2. **Standard Library**:
   - Define `%hr{}`: `<hr />
`

## 4. Indented Code Blocks

Indented code blocks are triggered by lines indented by 4 or more spaces.

### 4.1 BlockParser Logic
In `BlockParser::process_line`:
1. Check if the line has an indentation of 4 or more spaces.
2. Ensure the current tip is NOT a paragraph. (An indented line cannot interrupt a paragraph in CommonMark).
3. If not in a paragraph, create a new `BlockType::IndentedCode` block.
4. The literal content of this block is the line's content *after* stripping exactly 4 spaces.
5. In `matches`: 
   - An `IndentedCode` block matches if the line has >= 4 spaces. We consume exactly 4 spaces and add the rest to `literal_content` (with a newline).
   - It also matches blank lines (which are added as empty lines to the code block), provided a non-blank indented line follows eventually. (For simplicity, CommonMark allows trailing blank lines to be stripped later).

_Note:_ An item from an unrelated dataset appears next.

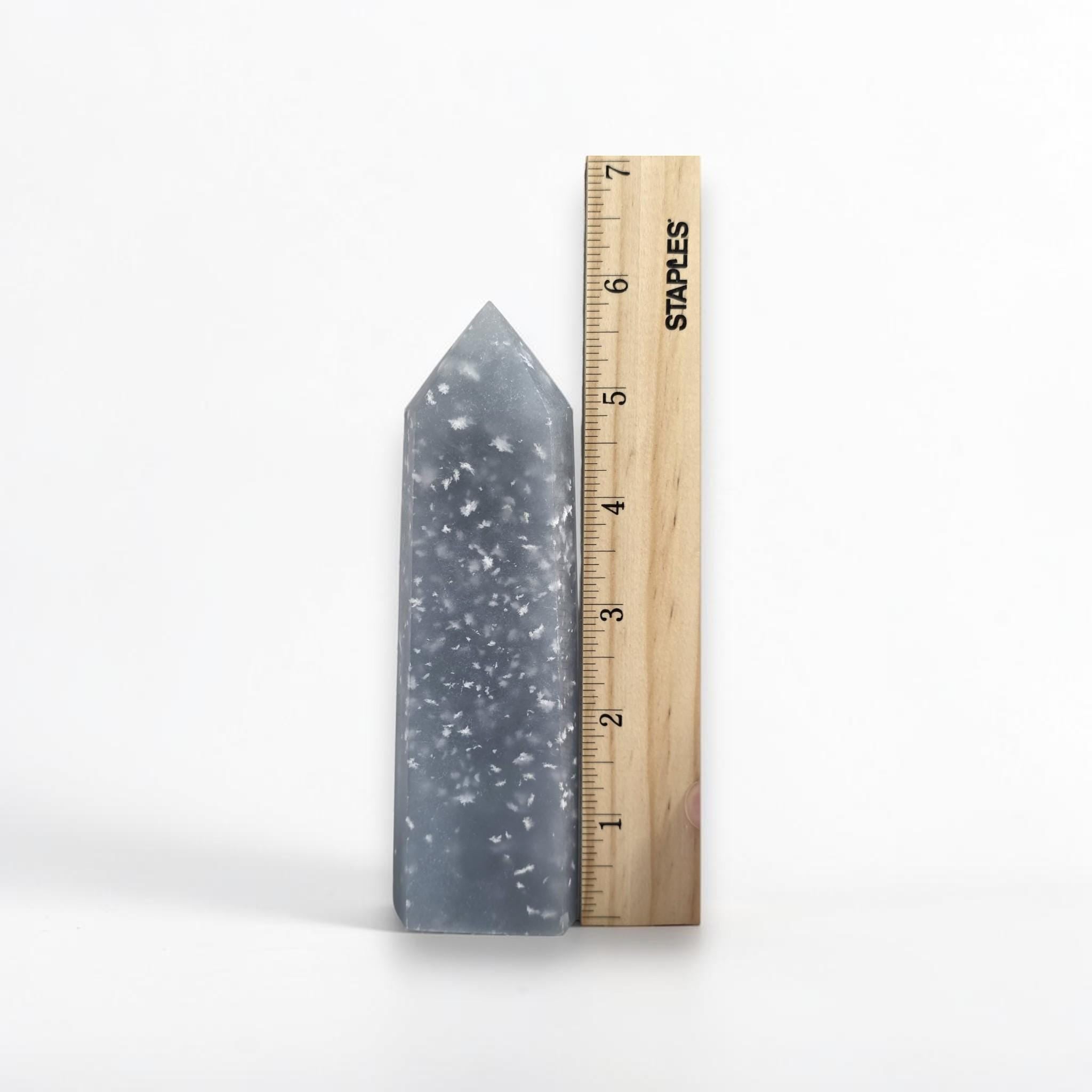 Blue angelite tower next to ruler, pointed top with white speckled pattern.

### 4.2 Converter and Standard Library
1. **Converter**: 
   - When `block->type == BlockType::IndentedCode`: Map it to the `"fenced_code"` macro or a dedicated `"code_block"` macro. Since `fenced_code` already exists and takes two arguments (info string and content), we can reuse it by passing an empty string `""` as the first argument, and `literal_content` as the second argument.
2. **Standard Library**: 
   - The intrinsic `fenced_code` macro already handles an empty info string correctly by emitting `<pre><code>%content
</code></pre>`.

## 5. Summary of Implementation Steps

To implement these features successfully, an engineer should follow this exact sequence:
1. Modify `include/block.h` to add `list_char`, `is_ordered`, and `indent` to `struct Block`.
2. Update `src/block_parser.cpp` -> `matches()` to correctly handle `List` and `ListItem` continuation.
3. Update `src/block_parser.cpp` -> `process_line()` to parse:
   - Thematic Breaks (`---`, `***`, `___`).
   - Indented Code Blocks (4+ spaces).
   - List markers for Unordered and Ordered lists.
4. Update `src/converter.cpp` -> `convert_block()` to support `BlockType::List`, `BlockType::ListItem`, `BlockType::ThematicBreak`, and `BlockType::IndentedCode`. Map them to their respective macros (`ul`, `ol`, `li`, `hr`, and `fenced_code`).
5. Update `src/standard_library.cpp` -> `registerMacros()` to add definitions for `ul`, `ol`, `li`, and `hr`.
6. Add comprehensive unit tests in `tests/test_block_parser.cpp` to verify parsing accuracy against standard CommonMark list, hr, and indented code snippets.